**Task prompt:** Please restate every record below word for word and skip the pictures.

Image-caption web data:

>>>>>

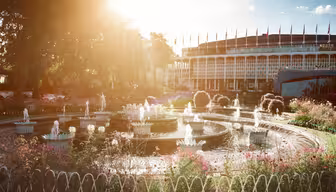 Bildet viser en solbelyst hage med en sentral fontene omgitt av blomster. En stor rund bygning med mange flagg er i bakgrunnen. Solstråler skaper en varm og innbydende atmosfære, og fremhever det livlige grøntområdet.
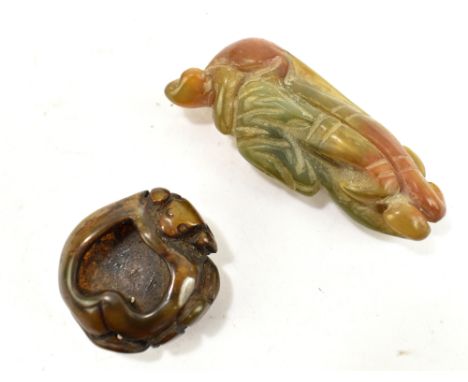 A Chinese jade carving depicting a monkey perched upon a Buddha's hand (or fingered citron) fruit, length 7cm, and a miniatur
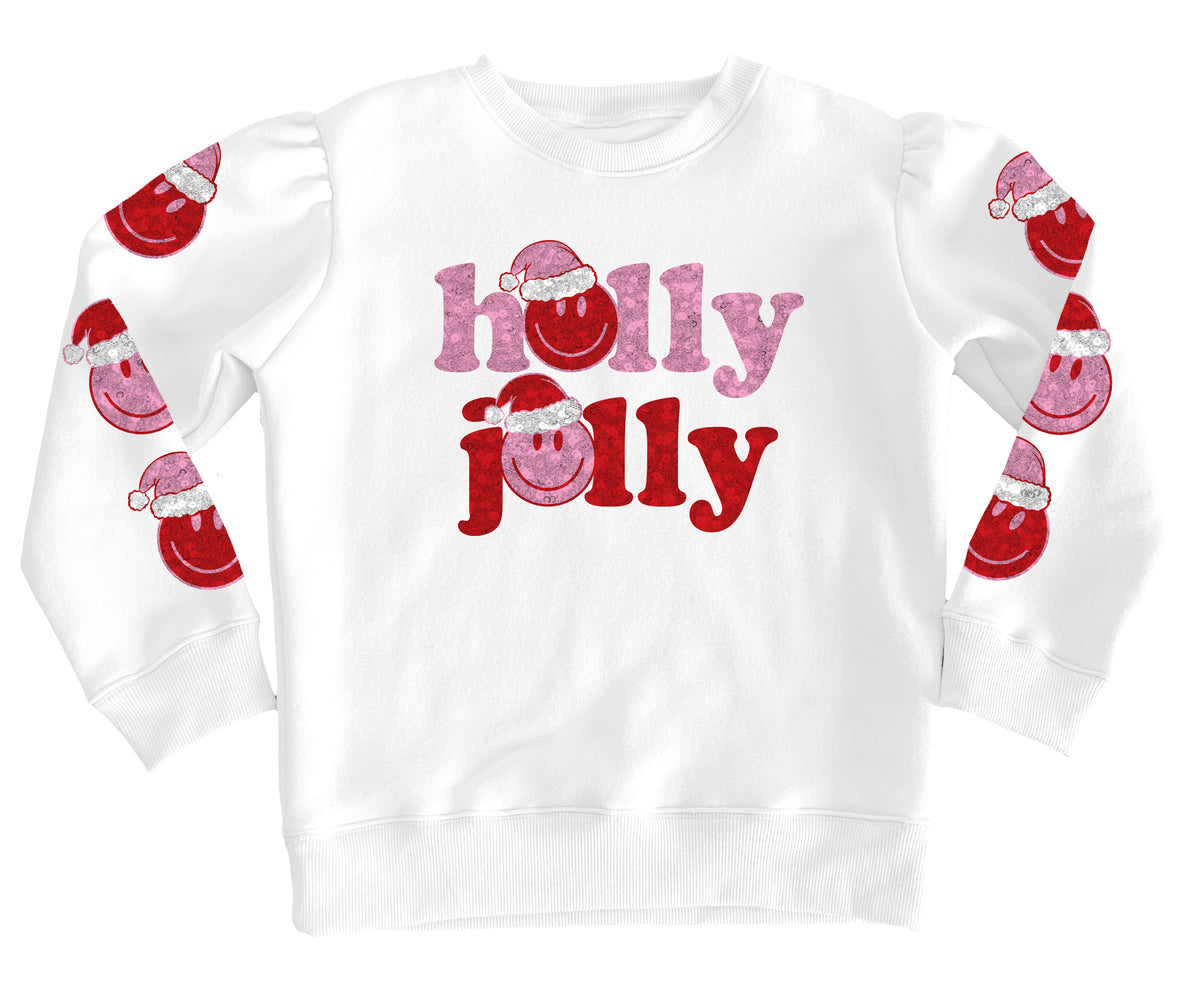 A white long-sleeve crewneck sweatshirt featuring 'holly jolly' printed on the front in pink and red glitter-textured lettering with Santa hats, and matching Santa graphics printed down both sleeves.
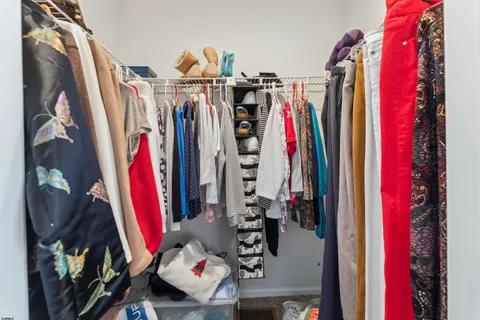 a view of walk in closet with clothes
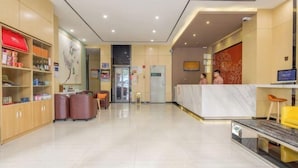 A hotel reception area with a marble counter, leather seating, and a reception desk. - 7 Days Premiuml (Shenzhen Longgang Universiade Center Ailian subway station) (Shenzhen)
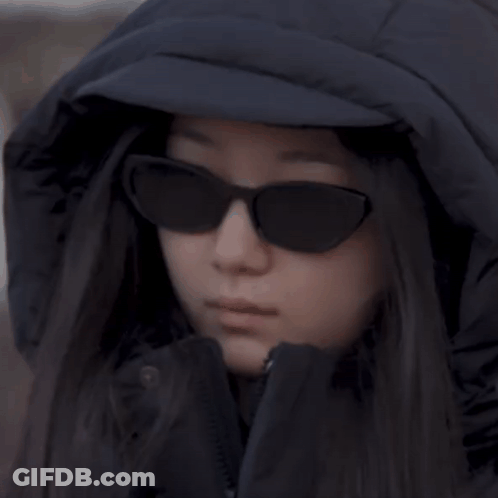 Woman In Hooded Jacket And Sunglasses GIF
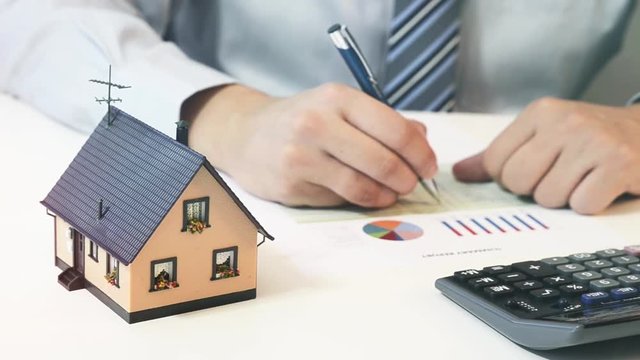 Businessman calculate the cost of building and maintaining home 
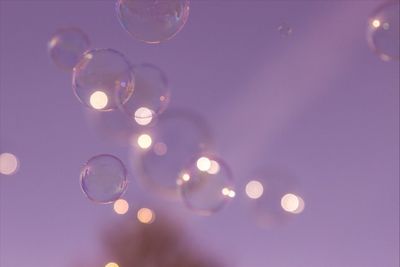 Close-up of bubbles in dark background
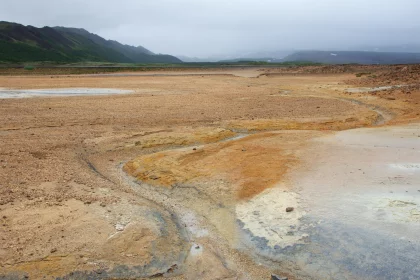 Photo of a large open field with a mountain in the background, Iceland, June 2016, Reinder Nijhoff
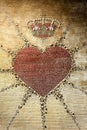 Embroidered heart and heraldic crown on tapestry Royalty Free Stock Photo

<<<<<

**Response to this exercise:**
 Bildet viser en solbelyst hage med en sentral fontene omgitt av blomster. En stor rund bygning med mange flagg er i bakgrunnen. Solstråler skaper en varm og innbydende atmosfære, og fremhever det livlige grøntområdet.
 A Chinese jade carving depicting a monkey perched upon a Buddha's hand (or fingered citron) fruit, length 7cm, and a miniatur
 A white long-sleeve crewneck sweatshirt featuring 'holly jolly' printed on the front in pink and red glitter-textured lettering with Santa hats, and matching Santa graphics printed down both sleeves.
 a view of walk in closet with clothes
 A hotel reception area with a marble counter, leather seating, and a reception desk. - 7 Days Premiuml (Shenzhen Longgang Universiade Center Ailian subway station) (Shenzhen)
 Woman In Hooded Jacket And Sunglasses GIF
 Businessman calculate the cost of building and maintaining home 
 Close-up of bubbles in dark background
 Photo of a large open field with a mountain in the background, Iceland, June 2016, Reinder Nijhoff
 Embroidered heart and heraldic crown on tapestry Royalty Free Stock Photo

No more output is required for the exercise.